The effect of parallel static and microwave electric fields on excited hydrogen atoms

Richards, D. (2005). The effect of parallel static and microwave electric fields on excited hydrogen atoms. New Journal of Physics, 7(138)



The classical dynamics of the hydrogen atom in parallel static and microwave electric fields are analysed. This work is motivated by recent experiments on excited hydrogen atoms in such fields, which show enhanced resonant ionization at certain combinations of field strengths. By analysing the dynamics using an appropriate representation and averaging approximations, a simple picture of the ionization process is obtained. This shows how the resonant dynamics are controlled by a separatrix that develops and moves through phase space as the fields are switched on and provides necessary conditions for a dynamical resonance to affect the ionization probability.

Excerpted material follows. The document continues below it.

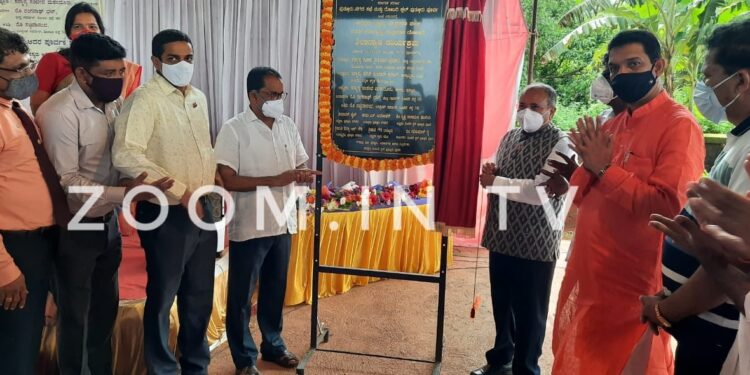 ಪುತ್ತೂರು : ಜೈವಿಕ ಅನಿಲ ತಯಾರಿಸುವ ಜಿಲ್ಲೆಯ ಪ್ರಥಮ ಬಯೋಗ್ಯಾಸ್ ಸ್ಥಾವರ ನಿರ್ಮಾಣಕ್ಕೆ ಬನ್ನೂರು ಡಂಪಿಂಗ್ ಯಾರ್ಡ್ನಲ್ಲಿ ಶಂಕುಸ್ಥಾಪನೆ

In addition, these methods yield a simple approximate Hamiltonian that facilitates quantal calculations. Using high-order perturbation theory, we obtain a series expansion for the position of the dynamical resonance and an estimate for its radius of convergence. Because, unusually, the resonance island moves through the phase space, the position of the dynamical resonance does not coincide precisely with the ionization maxima. Moreover, there are circumstances in which the field switch-on time dramatically affects the classical ionization probability; for long switch times, it reflects the shape of the incipient homoclinic tangle of the initial state, making it impossible to predict the resonance shape. Additionally, for a similar reason, the resonance ionization time can reflect the timescale of the motion near the separatrix, which is therefore much longer than conventional static field Stark ionization. All these effects are confirmed using accurate Monte Carlo calculations using the exact Hamiltonian. The dynamical structures producing these effects are present in the quantum dynamics; so we conclude that, for sufficiently large principal quantum numbers, the effects seen here will also be observed in the quantum dynamics.